Tampa Electric company
Established way back in 1899, the Tampa Electric company has been responsible for supplying electricity to the Tampa Bay area. With a whopping customer base of about 7,25,000, the company has been producing power from renewable resources since 2000. One of the company’s power plants called the Big Bend power station has 4 coal fired units and is located in Apollo Beach.
It is Unit 4 of this station where all the manatee action can be found. When the unit started commercial operations in the year 1986, people began spotting a number of manatees in the power station’s discharge canal. The water in the canal is much warmer than the surroundings due to the fact that saltwater from Tampa Bay that is used to cool the unit is cleaned and recycled back here.

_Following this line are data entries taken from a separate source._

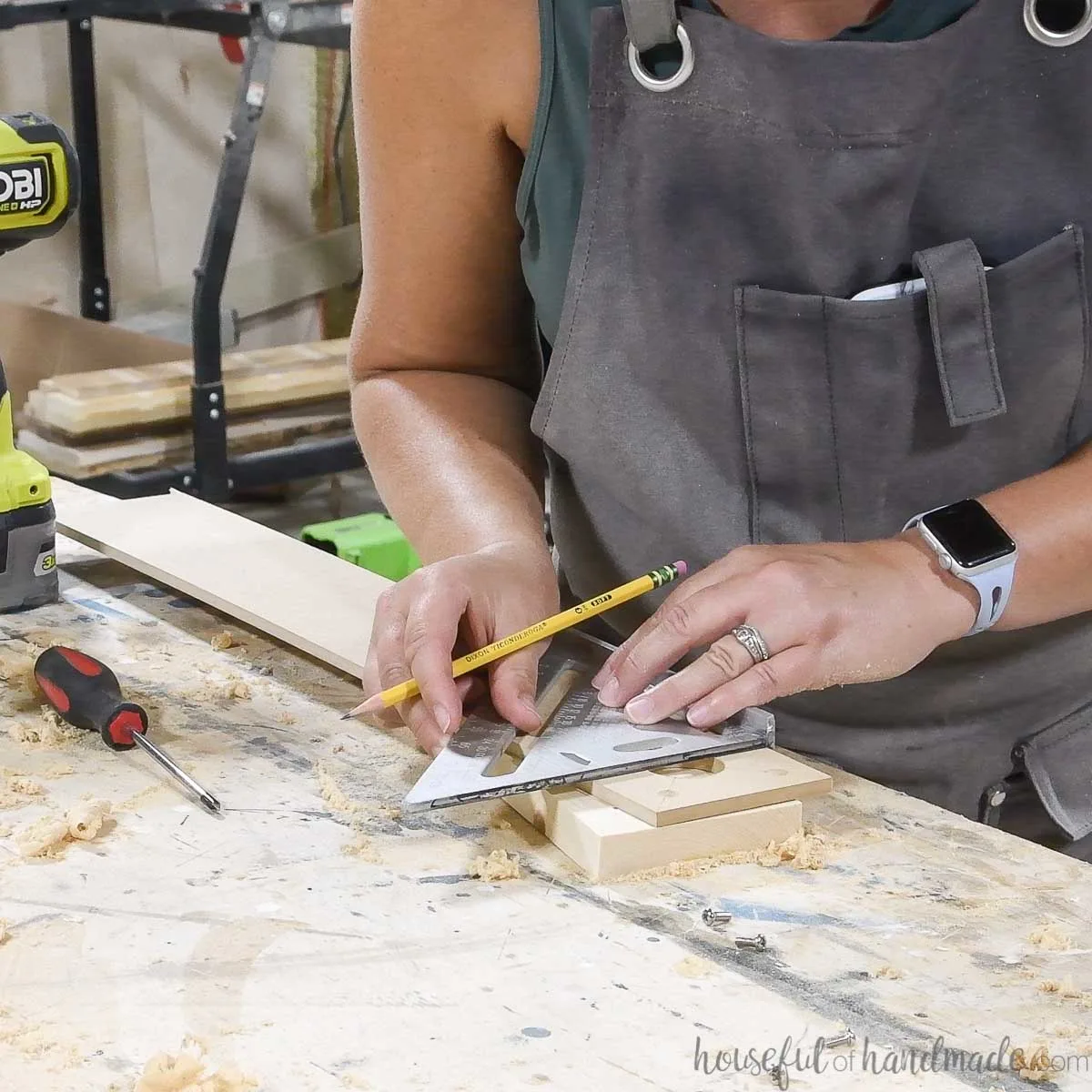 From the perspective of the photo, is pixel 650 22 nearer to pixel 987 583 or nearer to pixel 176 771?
pixel 987 583

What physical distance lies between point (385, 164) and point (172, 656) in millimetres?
481

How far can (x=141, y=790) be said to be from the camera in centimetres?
106

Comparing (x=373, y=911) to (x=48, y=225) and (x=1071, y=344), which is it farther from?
(x=48, y=225)

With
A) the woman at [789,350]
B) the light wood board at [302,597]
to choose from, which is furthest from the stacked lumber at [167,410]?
the woman at [789,350]

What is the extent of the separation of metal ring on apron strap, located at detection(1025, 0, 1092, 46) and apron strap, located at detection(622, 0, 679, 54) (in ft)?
0.89

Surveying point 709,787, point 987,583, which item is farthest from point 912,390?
point 709,787

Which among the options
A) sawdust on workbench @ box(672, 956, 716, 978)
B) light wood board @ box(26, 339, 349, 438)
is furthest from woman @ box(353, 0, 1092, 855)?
light wood board @ box(26, 339, 349, 438)

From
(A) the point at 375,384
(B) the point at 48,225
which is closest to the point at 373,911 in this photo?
(A) the point at 375,384

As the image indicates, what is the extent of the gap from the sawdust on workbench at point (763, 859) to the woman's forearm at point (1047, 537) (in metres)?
0.29

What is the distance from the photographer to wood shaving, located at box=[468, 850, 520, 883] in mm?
935

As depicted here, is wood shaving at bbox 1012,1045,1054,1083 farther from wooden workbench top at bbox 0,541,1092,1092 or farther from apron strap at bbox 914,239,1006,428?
apron strap at bbox 914,239,1006,428

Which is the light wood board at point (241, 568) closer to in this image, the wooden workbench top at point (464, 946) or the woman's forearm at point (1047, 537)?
the wooden workbench top at point (464, 946)

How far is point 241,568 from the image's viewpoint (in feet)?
4.79

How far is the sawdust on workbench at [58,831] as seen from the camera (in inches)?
37.9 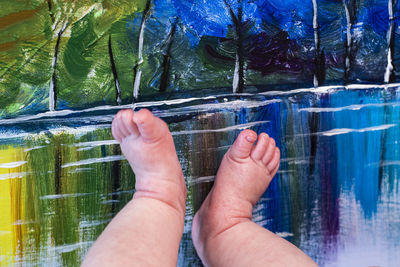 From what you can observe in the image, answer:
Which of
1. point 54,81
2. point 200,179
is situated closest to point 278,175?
point 200,179

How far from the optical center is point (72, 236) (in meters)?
0.67

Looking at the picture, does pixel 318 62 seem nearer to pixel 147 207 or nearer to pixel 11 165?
pixel 147 207

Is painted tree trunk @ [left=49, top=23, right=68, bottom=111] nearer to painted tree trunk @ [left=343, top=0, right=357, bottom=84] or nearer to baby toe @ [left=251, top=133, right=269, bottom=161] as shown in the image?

The warm water is a haven for the manatees that find it hard to survive in cold environs. Hence it is no surprise that when the temperatures in the region drop to 68F and below, the numbers of these gentle mammals in the canal multiply manifold. The canal has, therefore, been designated by the state as a manatee sanctuary since then.
Manatee Viewing centre
More often growing over 10 feet and weighing over 500 kg, manatees are herbivorous, marine mammals. Also referred to as sea cows, these peace-loving creatures have been hunted in their past for their meat, hide and bones making them a threatened species today. The viewing centre located in Apollo beach is a great way to catch a glimpse these rare mammals. The 50-acre facility has specially designated viewing platforms, an interactive education centre and also a tidal walkway.
Spotting the Manatee
As the manatees move about in the water, one can watch one or more parts of their body. For instance, manatees rise to the surface of the water every 7-20 minutes to breathe, so one can hear a ‘rushing’ noise in the water at that time and also catch a glimpse of their snouts. On clear days, you can also see the backs of these mammals that appear as oval rocks just below the water surface. Keep a watch for half moon swirls in the water as well as their flippers and tails to spot the manatees.
The education centre is a highly insightful place for adults and children alike with colourful displays of the manatee anatomy, physiology, behavioural patterns etc. It also has information about the natural vegetation including the mangroves of Florida. The complex also houses a nature trail leading to an observation tower where one can witness the native flora and fauna in abundance. The 50-foot tower offers some stunning views of the estuary and the surrounding area.
As part of the centre’s 30th anniversary there is a new ray fish tank where children can actually touch these fish from the surface of the tank.
All in all, the centre is not only an educative yet fun filled place but also one that demonstrates Tampa Electric’s commendable sense of social responsibility with unparalled commitment to the protection of the manatees and the environment.